I wonder whether we have created an artificial distinction between evangelism and discipleship when Jesus’ invitation is to follow Him through life….. 

It is only of late that I’ve come to realise that I’ve had a very strong distinction-approach to evangelism and discipleship (sometimes the distinction does exist and sometimes the lines are blurred). Over time we’ve come to realise that Jesus did not seem to take that approach and discipleship and evangelism took place at the same time. This is so true in our context of ministry to children from other faiths where they are not allowed to make a public declaration of their new-found faith until they are adults.

I wonder if we could – for example – recover the lost art of simply spending time with children – talking, laughing, exploring their tough questions together, being a witness to each other’s lives……. 

We’ve seen how spending time with boys in our Kids Club has helped them grow in their relationship with God. Two young men (now over 20 yrs of age) who joined us when they were just 13 are now believers, attending church, and grown to become good leaders in more ways than one.

If we took into account the variety of circumstances children find themselves in, I wonder what different shapes of ‘Christian community’ might emerge that would provide long-term discipling for children…..

Recently we’ve had to change the format of our Kids Club on Saturdays since the older kids were feeling a bit out of place and some even stopped attending – so we’ve started a youth group for both boys and girls 15 yrs and older and have found that a change in this format has resulted in them enjoying their time of learning together a lot more.

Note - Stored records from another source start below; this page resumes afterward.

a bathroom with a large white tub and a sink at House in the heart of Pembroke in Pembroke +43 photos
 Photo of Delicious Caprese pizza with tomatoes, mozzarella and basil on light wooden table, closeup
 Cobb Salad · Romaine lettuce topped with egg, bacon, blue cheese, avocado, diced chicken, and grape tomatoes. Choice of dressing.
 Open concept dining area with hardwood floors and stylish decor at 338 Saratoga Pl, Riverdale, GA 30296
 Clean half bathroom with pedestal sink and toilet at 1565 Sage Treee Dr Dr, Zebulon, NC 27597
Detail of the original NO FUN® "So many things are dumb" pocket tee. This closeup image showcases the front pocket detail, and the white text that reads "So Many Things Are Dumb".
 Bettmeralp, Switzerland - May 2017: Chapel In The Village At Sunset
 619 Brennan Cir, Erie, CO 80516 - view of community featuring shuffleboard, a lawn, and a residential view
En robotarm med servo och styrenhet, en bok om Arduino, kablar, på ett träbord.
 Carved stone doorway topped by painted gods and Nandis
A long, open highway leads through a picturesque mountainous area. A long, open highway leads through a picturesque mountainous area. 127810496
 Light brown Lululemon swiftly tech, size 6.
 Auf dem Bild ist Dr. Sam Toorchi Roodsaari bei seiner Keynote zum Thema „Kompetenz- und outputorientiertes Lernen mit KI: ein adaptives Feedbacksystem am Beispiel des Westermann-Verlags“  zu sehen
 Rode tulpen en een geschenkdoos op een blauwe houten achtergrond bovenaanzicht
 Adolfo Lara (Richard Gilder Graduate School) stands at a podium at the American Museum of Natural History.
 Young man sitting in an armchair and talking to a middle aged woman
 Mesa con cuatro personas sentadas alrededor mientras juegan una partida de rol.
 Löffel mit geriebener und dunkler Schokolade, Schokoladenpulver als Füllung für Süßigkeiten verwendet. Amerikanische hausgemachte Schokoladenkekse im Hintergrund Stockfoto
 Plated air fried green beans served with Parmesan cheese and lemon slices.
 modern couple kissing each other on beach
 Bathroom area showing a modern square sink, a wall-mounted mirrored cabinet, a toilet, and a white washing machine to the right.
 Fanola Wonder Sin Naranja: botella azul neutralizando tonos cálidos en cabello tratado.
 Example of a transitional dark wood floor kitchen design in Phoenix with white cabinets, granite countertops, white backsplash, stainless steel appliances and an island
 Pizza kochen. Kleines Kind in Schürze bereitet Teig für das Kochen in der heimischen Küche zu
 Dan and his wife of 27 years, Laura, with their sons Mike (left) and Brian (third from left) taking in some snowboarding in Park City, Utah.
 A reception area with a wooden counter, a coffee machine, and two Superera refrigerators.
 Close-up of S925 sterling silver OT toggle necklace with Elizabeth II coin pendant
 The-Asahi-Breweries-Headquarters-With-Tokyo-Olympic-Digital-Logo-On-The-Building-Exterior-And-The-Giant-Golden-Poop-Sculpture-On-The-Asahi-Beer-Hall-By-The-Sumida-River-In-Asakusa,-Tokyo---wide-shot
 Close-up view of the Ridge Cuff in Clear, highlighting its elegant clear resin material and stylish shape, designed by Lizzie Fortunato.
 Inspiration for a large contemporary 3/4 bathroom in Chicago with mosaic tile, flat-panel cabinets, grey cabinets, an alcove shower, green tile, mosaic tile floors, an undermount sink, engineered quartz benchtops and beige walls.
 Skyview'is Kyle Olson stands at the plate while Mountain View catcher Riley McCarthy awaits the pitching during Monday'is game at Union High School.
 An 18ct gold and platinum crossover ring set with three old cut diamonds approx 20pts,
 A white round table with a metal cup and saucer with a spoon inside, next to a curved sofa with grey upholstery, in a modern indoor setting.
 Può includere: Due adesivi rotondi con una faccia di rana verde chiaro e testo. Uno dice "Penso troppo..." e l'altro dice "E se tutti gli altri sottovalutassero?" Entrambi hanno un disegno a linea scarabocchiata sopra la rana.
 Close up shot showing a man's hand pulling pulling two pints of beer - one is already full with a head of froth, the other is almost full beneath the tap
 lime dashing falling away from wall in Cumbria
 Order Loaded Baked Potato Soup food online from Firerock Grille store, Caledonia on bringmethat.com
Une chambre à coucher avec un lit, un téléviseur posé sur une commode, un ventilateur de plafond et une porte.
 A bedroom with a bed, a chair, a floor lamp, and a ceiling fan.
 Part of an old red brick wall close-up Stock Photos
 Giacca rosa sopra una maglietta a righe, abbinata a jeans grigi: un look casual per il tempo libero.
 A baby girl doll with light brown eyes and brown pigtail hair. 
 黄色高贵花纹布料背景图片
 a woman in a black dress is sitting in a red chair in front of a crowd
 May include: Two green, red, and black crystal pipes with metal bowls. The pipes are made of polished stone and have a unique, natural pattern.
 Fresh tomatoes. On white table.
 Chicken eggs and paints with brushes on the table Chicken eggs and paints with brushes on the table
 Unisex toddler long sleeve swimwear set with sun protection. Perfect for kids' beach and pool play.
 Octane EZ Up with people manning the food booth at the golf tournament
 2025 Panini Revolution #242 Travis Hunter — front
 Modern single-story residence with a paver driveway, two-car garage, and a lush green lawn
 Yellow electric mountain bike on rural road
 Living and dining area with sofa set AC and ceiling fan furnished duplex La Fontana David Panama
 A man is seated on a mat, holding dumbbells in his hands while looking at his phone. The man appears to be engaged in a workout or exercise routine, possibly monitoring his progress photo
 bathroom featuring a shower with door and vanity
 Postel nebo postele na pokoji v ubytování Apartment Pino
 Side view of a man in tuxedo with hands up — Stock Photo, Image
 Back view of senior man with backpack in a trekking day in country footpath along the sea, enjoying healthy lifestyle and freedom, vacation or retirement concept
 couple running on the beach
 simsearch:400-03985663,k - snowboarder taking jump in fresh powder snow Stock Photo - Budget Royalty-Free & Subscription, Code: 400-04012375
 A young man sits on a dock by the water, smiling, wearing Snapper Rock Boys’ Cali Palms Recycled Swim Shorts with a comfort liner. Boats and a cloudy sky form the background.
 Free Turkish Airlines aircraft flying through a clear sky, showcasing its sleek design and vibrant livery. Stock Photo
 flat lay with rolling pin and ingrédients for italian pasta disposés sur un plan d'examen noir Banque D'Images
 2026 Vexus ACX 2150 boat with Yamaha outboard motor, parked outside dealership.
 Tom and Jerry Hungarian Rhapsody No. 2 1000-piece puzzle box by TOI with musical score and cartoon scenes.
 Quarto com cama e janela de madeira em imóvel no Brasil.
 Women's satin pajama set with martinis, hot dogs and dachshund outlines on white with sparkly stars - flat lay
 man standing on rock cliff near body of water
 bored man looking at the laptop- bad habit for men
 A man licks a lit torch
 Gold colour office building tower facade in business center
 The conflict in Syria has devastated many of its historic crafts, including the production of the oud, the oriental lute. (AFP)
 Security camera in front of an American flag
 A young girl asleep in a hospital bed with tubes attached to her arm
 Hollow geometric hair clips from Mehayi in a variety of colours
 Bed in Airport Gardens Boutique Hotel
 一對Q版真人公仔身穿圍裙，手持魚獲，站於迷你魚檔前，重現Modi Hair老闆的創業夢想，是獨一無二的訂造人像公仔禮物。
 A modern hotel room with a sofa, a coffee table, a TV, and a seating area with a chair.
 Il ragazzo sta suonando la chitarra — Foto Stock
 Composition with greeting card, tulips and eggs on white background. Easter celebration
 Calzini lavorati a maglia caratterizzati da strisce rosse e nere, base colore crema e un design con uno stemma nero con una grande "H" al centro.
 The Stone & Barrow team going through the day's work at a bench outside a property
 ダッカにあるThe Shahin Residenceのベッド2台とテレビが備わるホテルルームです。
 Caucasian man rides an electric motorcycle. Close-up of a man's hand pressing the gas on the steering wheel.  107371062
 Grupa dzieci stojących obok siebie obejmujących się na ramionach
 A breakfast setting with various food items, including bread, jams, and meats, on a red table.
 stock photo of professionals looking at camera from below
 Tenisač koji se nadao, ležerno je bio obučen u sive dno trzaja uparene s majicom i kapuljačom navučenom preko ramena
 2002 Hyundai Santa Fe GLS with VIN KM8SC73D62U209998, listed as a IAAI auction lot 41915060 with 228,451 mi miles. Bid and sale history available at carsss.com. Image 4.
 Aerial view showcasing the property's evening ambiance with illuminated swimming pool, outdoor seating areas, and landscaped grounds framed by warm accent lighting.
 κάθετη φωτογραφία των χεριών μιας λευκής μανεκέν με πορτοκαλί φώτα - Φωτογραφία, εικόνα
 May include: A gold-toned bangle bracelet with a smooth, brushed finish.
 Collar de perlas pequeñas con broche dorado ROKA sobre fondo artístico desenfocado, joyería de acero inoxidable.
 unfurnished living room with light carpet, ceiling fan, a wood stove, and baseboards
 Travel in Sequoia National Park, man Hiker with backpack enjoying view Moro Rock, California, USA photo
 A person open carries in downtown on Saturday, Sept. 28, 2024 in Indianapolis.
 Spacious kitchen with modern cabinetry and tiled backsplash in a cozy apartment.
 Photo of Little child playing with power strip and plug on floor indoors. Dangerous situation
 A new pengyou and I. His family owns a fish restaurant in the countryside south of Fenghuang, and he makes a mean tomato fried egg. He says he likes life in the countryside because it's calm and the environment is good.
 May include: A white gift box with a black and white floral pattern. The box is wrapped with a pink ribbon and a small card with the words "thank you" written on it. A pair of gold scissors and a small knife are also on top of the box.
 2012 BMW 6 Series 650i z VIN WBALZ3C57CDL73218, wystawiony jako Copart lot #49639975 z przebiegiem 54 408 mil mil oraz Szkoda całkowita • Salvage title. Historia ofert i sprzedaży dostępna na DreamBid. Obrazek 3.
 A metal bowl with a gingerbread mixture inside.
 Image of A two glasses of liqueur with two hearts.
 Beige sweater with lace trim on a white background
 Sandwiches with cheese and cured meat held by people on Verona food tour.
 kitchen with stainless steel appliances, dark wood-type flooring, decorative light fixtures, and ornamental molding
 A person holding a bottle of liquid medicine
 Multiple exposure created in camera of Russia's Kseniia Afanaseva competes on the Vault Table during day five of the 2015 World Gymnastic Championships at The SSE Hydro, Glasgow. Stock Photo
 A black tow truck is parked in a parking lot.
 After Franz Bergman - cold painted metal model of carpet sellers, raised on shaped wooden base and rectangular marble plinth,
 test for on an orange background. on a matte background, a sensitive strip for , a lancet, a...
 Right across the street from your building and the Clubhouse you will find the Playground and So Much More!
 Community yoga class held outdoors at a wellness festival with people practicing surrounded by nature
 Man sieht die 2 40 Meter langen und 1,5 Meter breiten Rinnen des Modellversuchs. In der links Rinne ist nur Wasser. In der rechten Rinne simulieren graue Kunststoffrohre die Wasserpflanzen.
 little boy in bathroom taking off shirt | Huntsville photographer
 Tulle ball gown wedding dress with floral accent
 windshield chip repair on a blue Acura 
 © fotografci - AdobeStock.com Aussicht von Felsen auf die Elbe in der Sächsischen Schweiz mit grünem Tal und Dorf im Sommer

I wonder how partnering with others is changing the way you engage in mission with children in the church, your denomination, your organisation…..

I wonder what impossible dreams will become possible as we continue to put aside our differences and work together as the one body of Christ – for the sake of children….

One of the greatest lessons we’ve learnt over time is the beauty and necessity of partnership in ministry to children. At the moment the focus is on relational partnership at the leadership level where children’s ministry leaders from across the city come together for times of relationship building and fellowship, but the even newer initiative that has emerged is proving children’s ministry training for Sunday School Teachers by the combined effort of the Children’s Ministry Network. Further, the entire ownership of these training programmes is being taken by local churches in different pockets of the city, thereby minimising expenses on any one church or organisation and also increasing the effectiveness of the training programme. This has developed only since August this year and so far we’ve seen over 250 Sunday school teachers from over 50 churches in 4 different localities in the city trained. We hope to share this model across the country through the National Children’s Network that has been set up to help facilitate the setting up of Children’s Ministry Networks in every city, town and village in India.

This partnership had its roots in the fact that the task of reaching and discipling the children of our nation is so huge that there’s no way any church or organisation could do it alone. Furthermore, we realised that we as the body of Christ and He is building His church and His Kingdom and the only way this can happen is if we decide to work together in real love and unity.